DATA EXCERPTS:
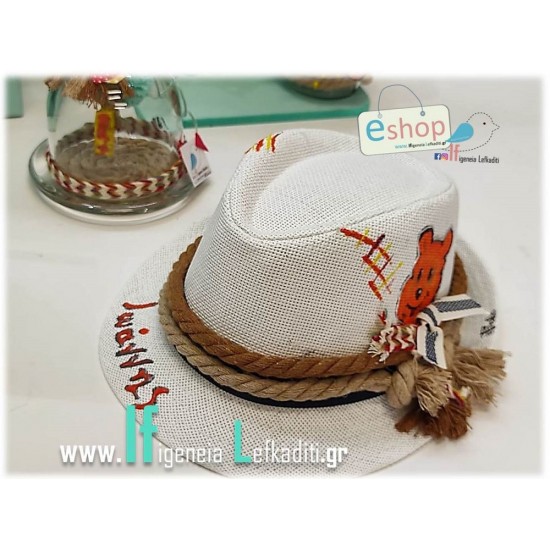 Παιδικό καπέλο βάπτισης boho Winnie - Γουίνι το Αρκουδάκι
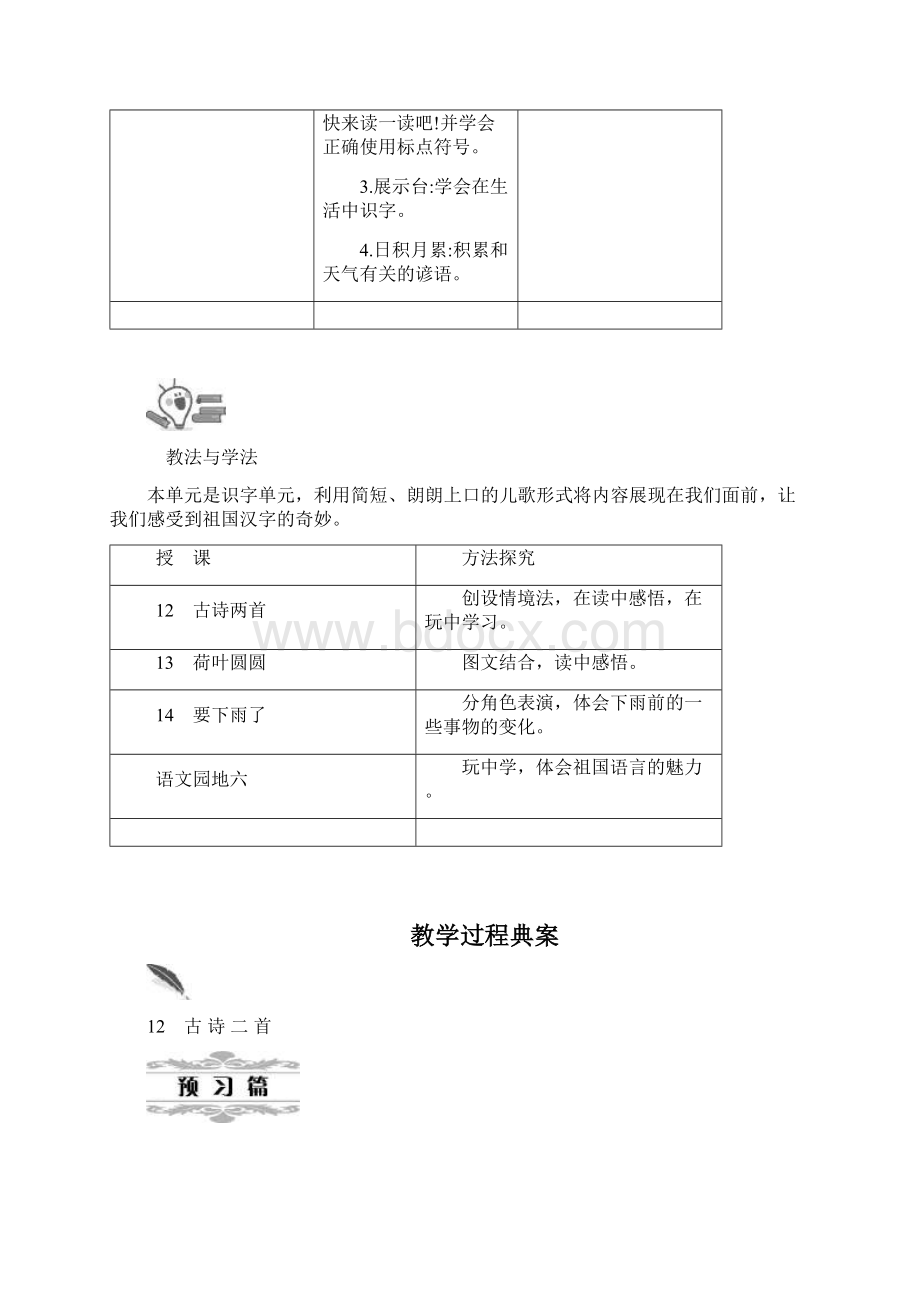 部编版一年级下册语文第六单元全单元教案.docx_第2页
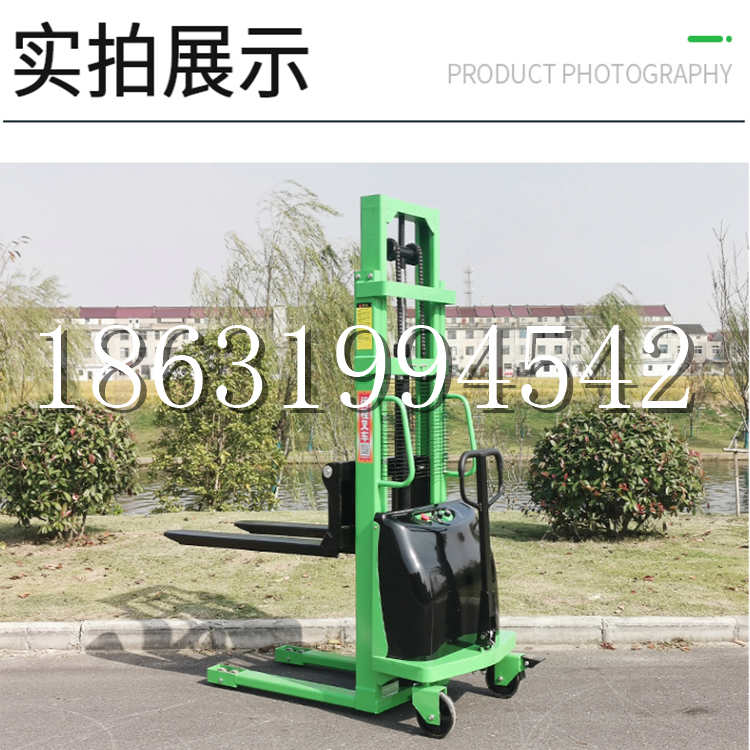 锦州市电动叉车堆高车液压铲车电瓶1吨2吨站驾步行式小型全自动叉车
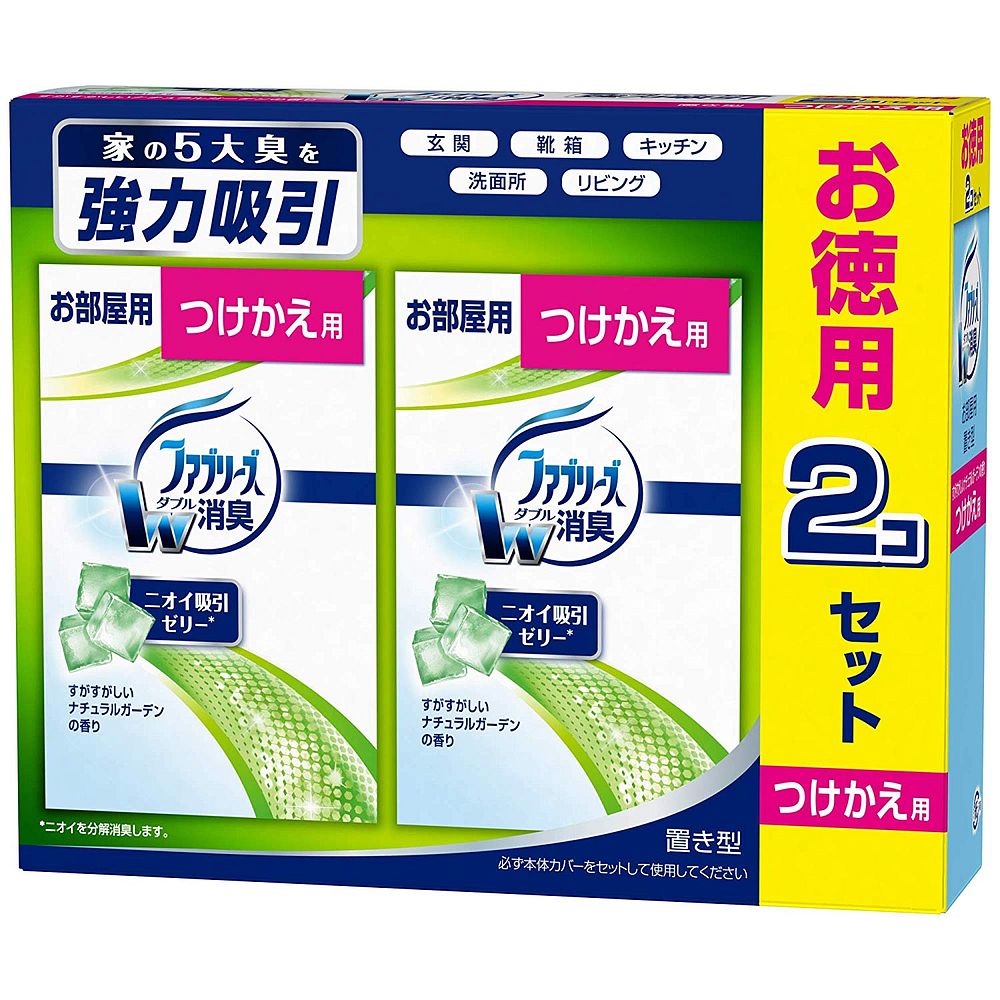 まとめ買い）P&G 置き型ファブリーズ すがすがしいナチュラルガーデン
==
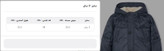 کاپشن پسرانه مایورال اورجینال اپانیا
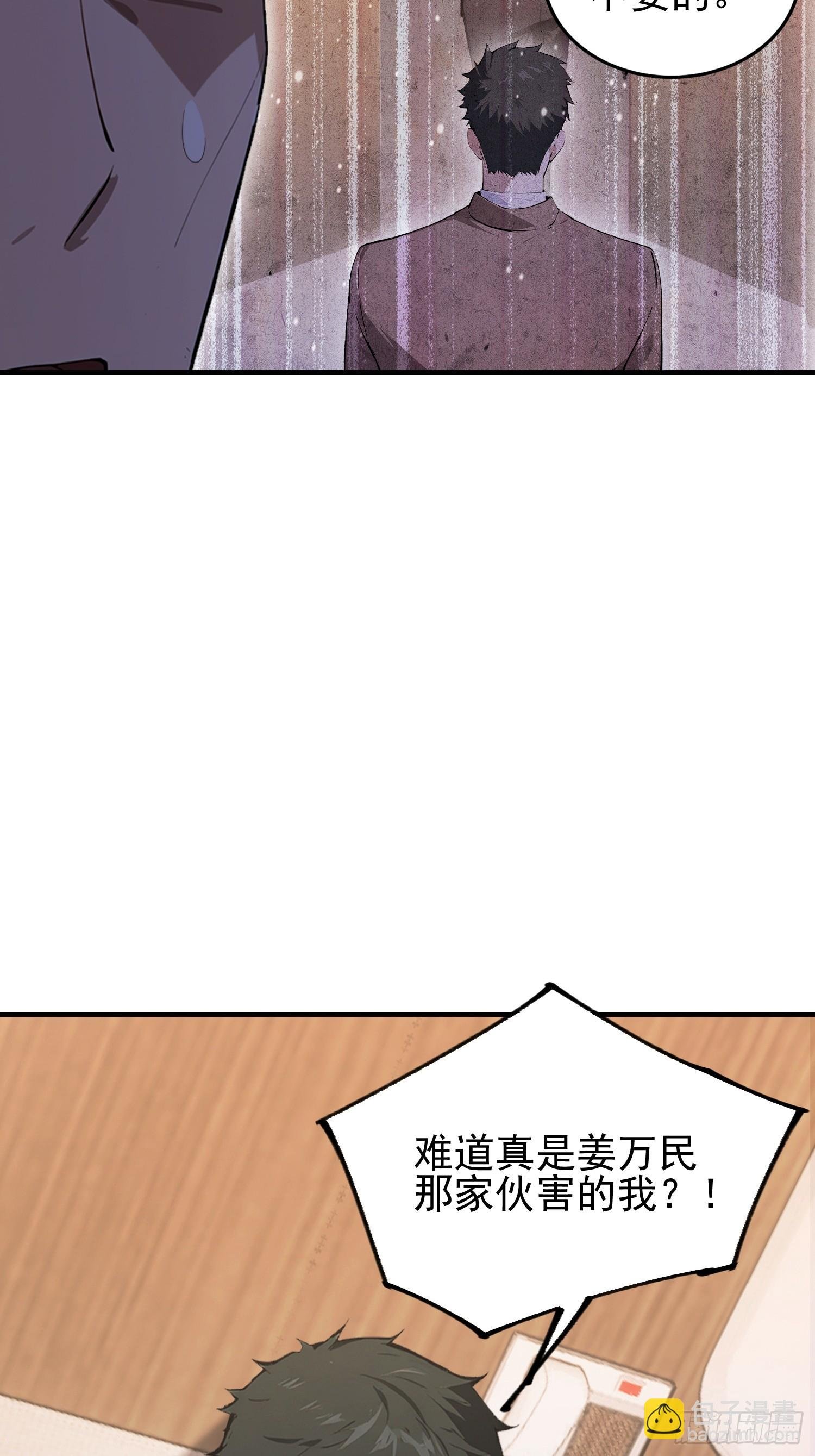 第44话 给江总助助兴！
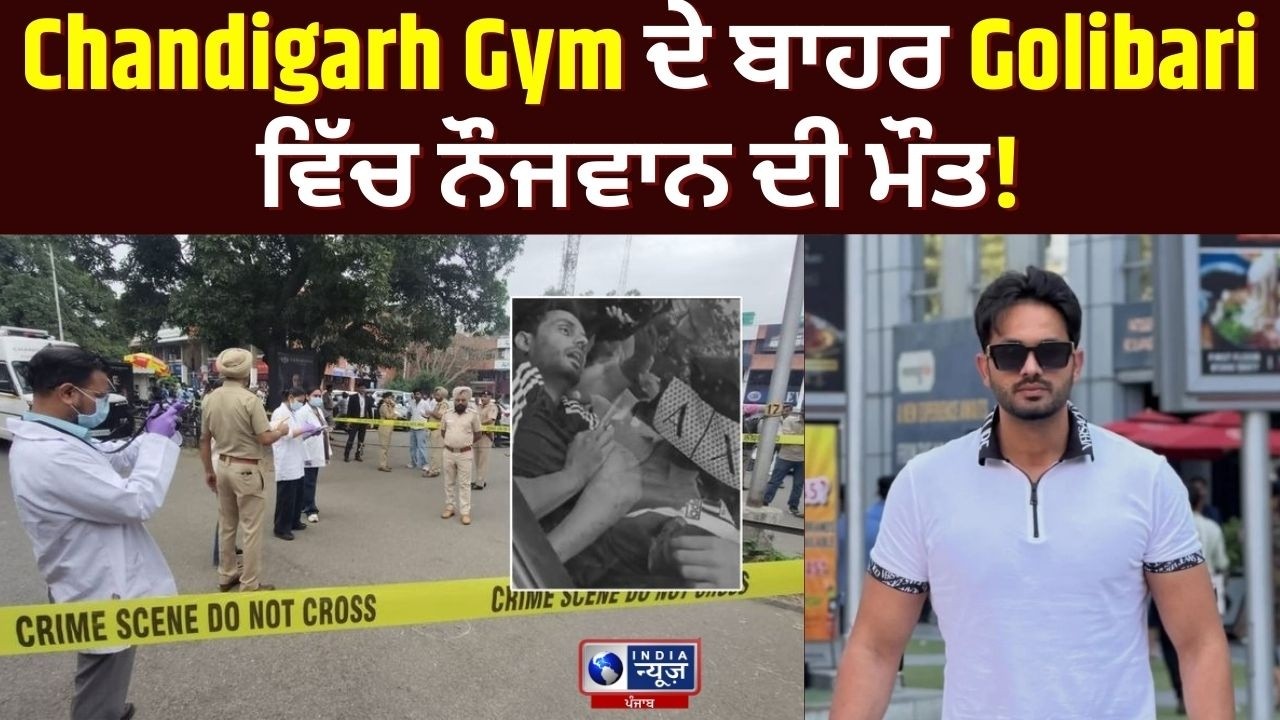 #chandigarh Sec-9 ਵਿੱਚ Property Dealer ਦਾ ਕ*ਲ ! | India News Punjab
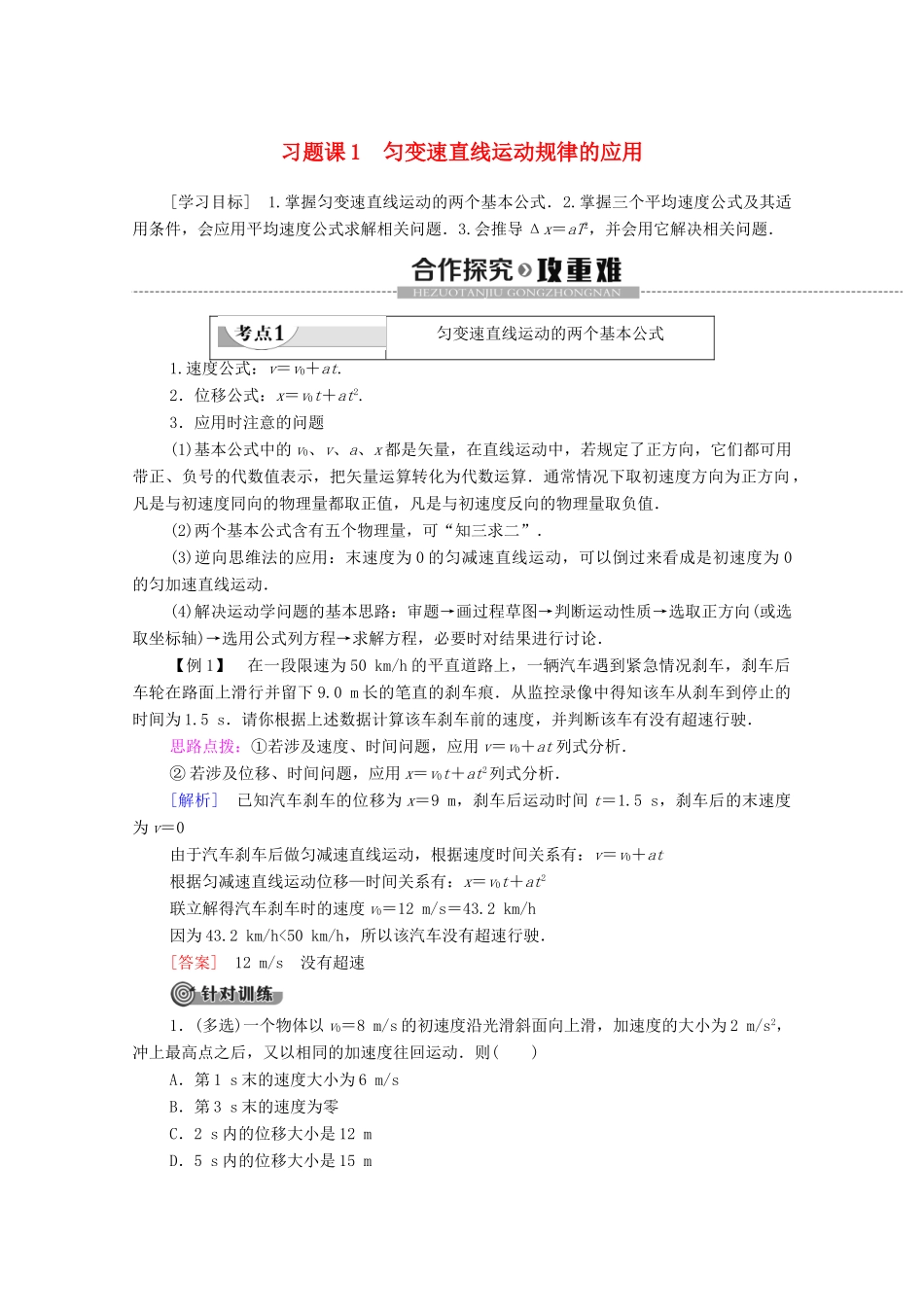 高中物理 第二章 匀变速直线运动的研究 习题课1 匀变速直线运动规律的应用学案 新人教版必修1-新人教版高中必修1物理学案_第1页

DIRECTIONS: Output only the lines above from the one containing "کاپشن پسرانه مایورال اورجینال اپانیا" to the one containing "高中物理 第二章 匀变速直线运动的研究", both included, exactly as written and with no pictures.

ANSWER BELOW:
 کاپشن پسرانه مایورال اورجینال اپانیا
 第44话 给江总助助兴！
 #chandigarh Sec-9 ਵਿੱਚ Property Dealer ਦਾ ਕ*ਲ ! | India News Punjab
 高中物理 第二章 匀变速直线运动的研究 习题课1 匀变速直线运动规律的应用学案 新人教版必修1-新人教版高中必修1物理学案_第1页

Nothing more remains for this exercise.